Competitive market systems require sellers and buyers to be well informed about supply, demand and prices. Price collusion and other exploitative practices can occur when markets lack transparency and one party has more or better information than the others.
In sub-Saharan Africa, farmers often experience difficulty obtaining accurate information from traders and wholesalers. Without up-to-date details about market fluctuations, farmers may end up selling their produce at lower prices.
Prices are determined by vegetable supply and demand; they fluctuate because the crops are perishable. Vegetable farmers are vulnerable due to the volatility of fresh produce prices. VegOneX aims to help rectify that situation by ensuring vegetable farmers have the necessary information to make good crop management decisions and to obtain fair prices for their crops.
This is part of a story in Fresh, the newsletter of AVRDC — The World Vegetable Center. VegOneX is the result of a unique partnership between AVRDC, FRI and Radio 5 in Arusha that is meeting farmers’ need for more market information by using radio and SMS text messaging to provide thousands of farmers with up-to-date market prices.

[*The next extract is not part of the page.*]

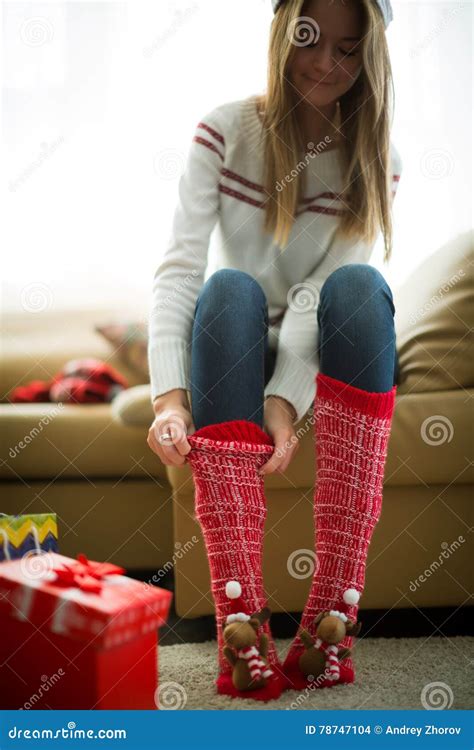 Girl Wearing Red Christmas Socks Stock Photo Image Of Christmas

Agricultural economists with AVRDC collect daily vegetable prices and other information on the costs associated with marketing vegetables. These costs are aggregated and shared with Radio 5 and FRI each week.
Radio 5 shares the price information over the air and via text messaging — promoting their service with a jingle in each episode. The service allows farmers to text the name of the crop — for example “nyanya” (tomato) — to 0789212110 and receive a reply message with the price offered that week. The reply message includes another 10-digit number farmers can call to listen to a recorded message with further information on the costs associated with selling at the market.

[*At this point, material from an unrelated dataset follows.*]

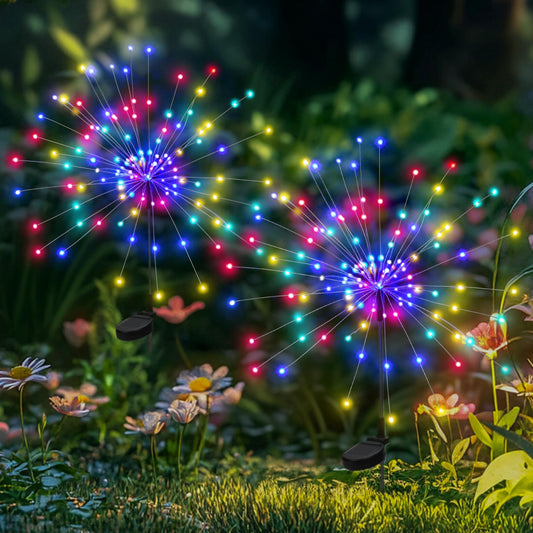 PEVOROS Garden Decor Solar Lights Outdoor,120LED Waterproof Colorful Solar Fairy Garden Lights for Outdoor Decoration,Yard, Patio, Porch,Flower Pot,Pathway,Christmas (2Pack)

Radio 5 is well-positioned to support AVRDC in broadcasting market prices as they are currently on air with an with support from Farm Radio International and Irish Aid. The Radio 5 program is aimed at empowering farmers with indispensable information and many opportunities to share questions, comments and experiences. FRI is working with Radio 5 to build the interactivity, entertainment and sustainability of the program.
Market information is an important addition to the program, as it supports small-scale farmers looking to improve the income they receive from their harvest. By providing farmers with this price and marketing information, farmers can better understand the best time to sell their crop and what costs are associated with farming as a business.